Our hero is John Hibbert, an innocent crippled war veteran now in prison, having become the fall guy for some larcenous “pals.” Hibbert has been haunted and even inspired by a recurrent childhood dream of another realm featuring a beautiful woman and an elderly sage. But now in his despair he has abandoned that vision. His cellmate, a giant bruiser named Scarlatti (certainly the most ironic of cognomens, given Bok’s reverence for music), has appointed himself Hibbert’s guardian-cum-tyrant, and he promises to take Hibbert with him when escape plans materialize.
Soon the two are on the run with a compatriot named Burks, an unemotional killer type. The hook up with Carlotta, Scarlatti’s girlfriend, a swamp tramp who promises to guide them to safety through the Everglades. But midway in their journey (a la Dante), they encounter a strange ruin: a stone staircase to nowhere. Curious, they ascend to the top and discover that the stairs continue in the form of solid golden light. They climb those steps and with physical travail enter the other realm of Khoire. Here the quartet of mortals will be tested and undergo the Change, where the physics of Khoire warps their bodies to reflect their souls. And of course, Hibbert will meet Mareth, the woman of his visions.
Bok’s tale is not a strenuous allegory, but does possess more allegorical moments and intentions than the other books. This stems from what I see as a role model for this novel, the works of George MacDonald, who famously used the image of climbing a flight of ethereal sky steps in The Golden Key. Consequently, about three-quarters of the novel is a lot of dialogue revelatory of higher principles and the inner natures of the protagonists. It’s only in the last quarter that Bok seems to realize he needs some physical adventures too, sending Hibbert, Mareth, Scarlatti and Carlotta across some dangerous landscapes.
Bok’s love for the cinema seems also to figure in the construction of this tale, evoking the classic Lost Horizon and other films of the 30s and 40s, where, say, a plane of people crashes, and the survivors learn all about themselves under rough conditions.
As a metaphysical excursion the novel rewards, although it does not possess the blood and thunder of Ship or the Oz-like qualities of Stone.
One rare-for-its-era aspect of the book deserves attention: its frankness with gay themes.
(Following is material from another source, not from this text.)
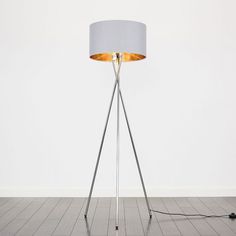 a floor lamp with a white shade on it and a black cord plugged into the base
Bok himself was quietly gay (despite his focus on male-female romances), and he is fairly explicit that Scarlatti uses Hibbert for sex. Burks calls Hibbert Scarlatti’s “toy,” and Carlotta is insanely jealous of Hibbert. “She sneered: ‘What did you do in the clink, pick up a new habit?’”
Reaching the end of Bok’s novels, abetted by the memoirs of the man himself, the reader will feel reverence for the gentle dreamer and thankful pleasure at the unique fantastical gifts he bequeathed us.